Family and Education

b. 30 June 1750, 1st s. of George, 3rd Baron Carpenter [I], 1st Earl of Tyrconnel [I]. educ. Westminster 1764-5; Ch. Ch. Oxf. 1767. m. (1) 9 July 1772, Frances, da. of John Manners, Mq. of Granby; she was divorced Oct. 1777, having eloped with Charles Loraine Smith, (2) 3 June 1780, Sarah Hussey, da. of John Hussey Delaval, 1 surv. da. suc. fa. as 2nd Earl of Tyrconnel [I] 9 Mar. 1762.

Offices Held

Biography

Tyrconnel was returned on the interest which his father-in-law, Lord Granby, had established at Scarborough. The election, though uncontested, seems to have been fairly expensive: in a memorandum, dated 1772, by John Calcraft, who was connected with the Manners family, there is an entry: ‘Sent £2,500 Scarborough’.1 In the House Tyrconnel voted steadily with the Opposition, whom Granby had joined shortly before his death, and to whom his son adhered as soon as he entered the House. Tyrconnel’s attendance seems to have been regular as his name appears in most of the extant division lists. Robinson in his survey of 1780 considered the question of putting up Sir Hugh Palliser, who had a considerable following at Scarborough, in opposition to Tyrconnel, but feared that this might end by Constantine Phipps being knocked out; and apparently the idea was dropped. Tyrconnel, following the Duke of Rutland, voted for Shelburne’s peace preliminaries, 18 Feb. 1783; but he was absent from the divisions on Fox’s East India bill. In 1784 Tyrconnel came out top in a contested election at Scarborough. On 16 June 1784, when parliamentary reform was put off by the previous question, Tyrconnel voted with the majority;2 but having received Rutland’s ‘sentiments respecting Pitt’s reform’,3 on 18 Apr. 1785 voted for it. Daniel Pulteney wrote to Rutland on 15 July 1784:4

I really think your Grace’s Members are the most useful in the House, for I don’t believe Pochin, Sutton, or myself have ever missed a single day, and Lord Tyrconnel is seldom or never absent at any expected business.
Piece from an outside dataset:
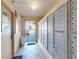 Well-lit mail room features secure mailboxes, tile floors, and a view to the outside at 144 S Halifax Ave # 86, Daytona Beach, FL 32118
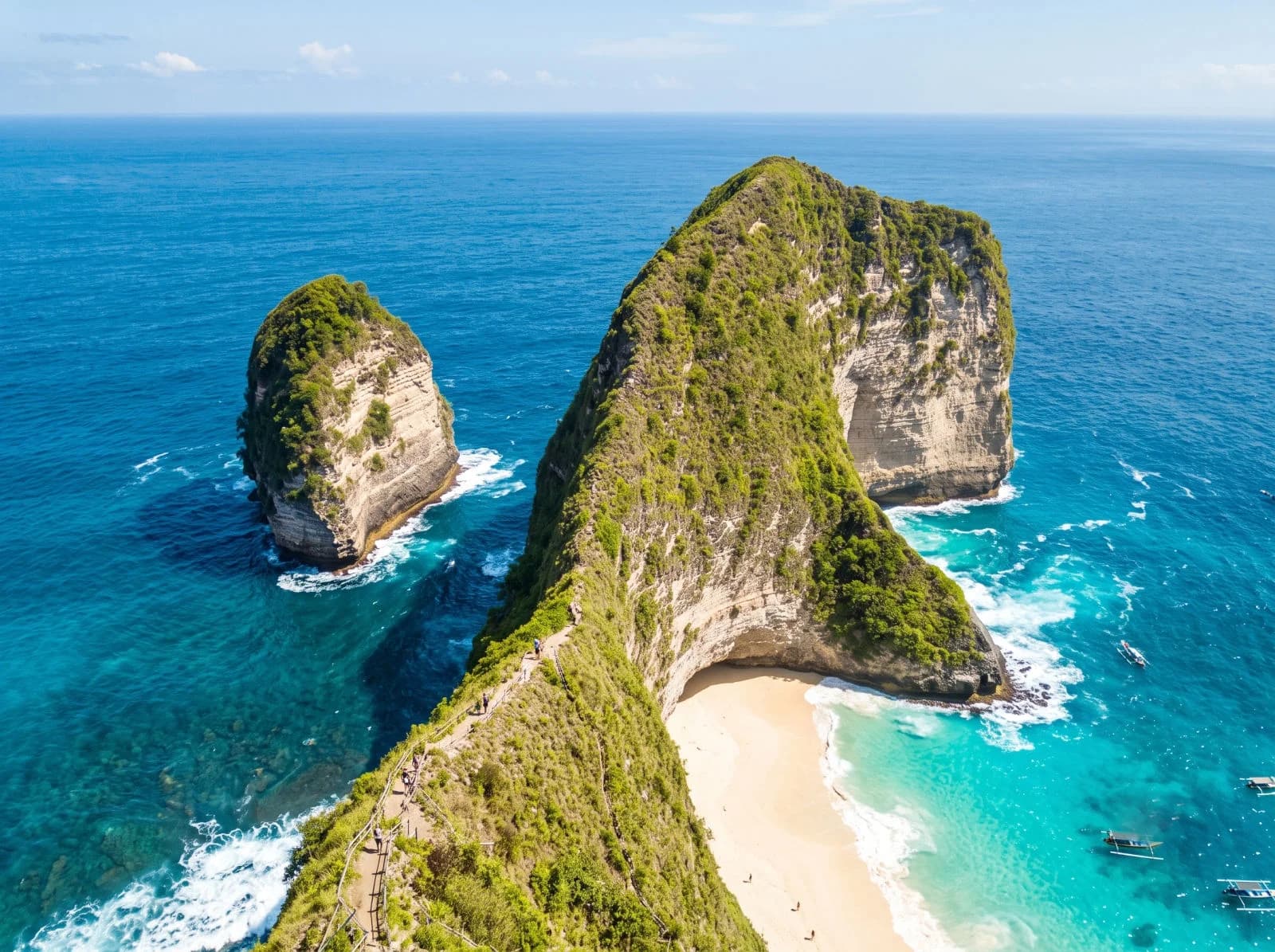 The T-Rex-shaped Kelingking headland on Nusa Penida with a white beach far below.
He voted for Richmond’s fortifications plan, 27 Feb. 1786, and with Pitt over the Regency 1788-9. In May when the question of the Prince of Wales’s debts was brought before Parliament, Pulteney informed Tyrconnel about the letter he had received from Rutland, and Tyrconnel was going to vote accordingly ‘for the Prince.’5 And Tyrconnel was returned on the Manners interest three times after he had divorced his first wife.

Tyrconnel died 15 Apr. 1805.

Ref Volumes: 1754-1790

Author: Sir Lewis Namier

Notes

  • 1. Mems. Philip Francis, ed. Parkes and Merivale, i. 318.
  • 2. D. Pulteney to Rutland, 17 June 1784; HMC Rutland, iii. 112.
  • 3. Same to same, 27 Jan. 1785, ibid. 169.
  • 4. Ibid. 125.
  • 5. Pulteney to Rutland, 10 May 1787, ibid. 389-90.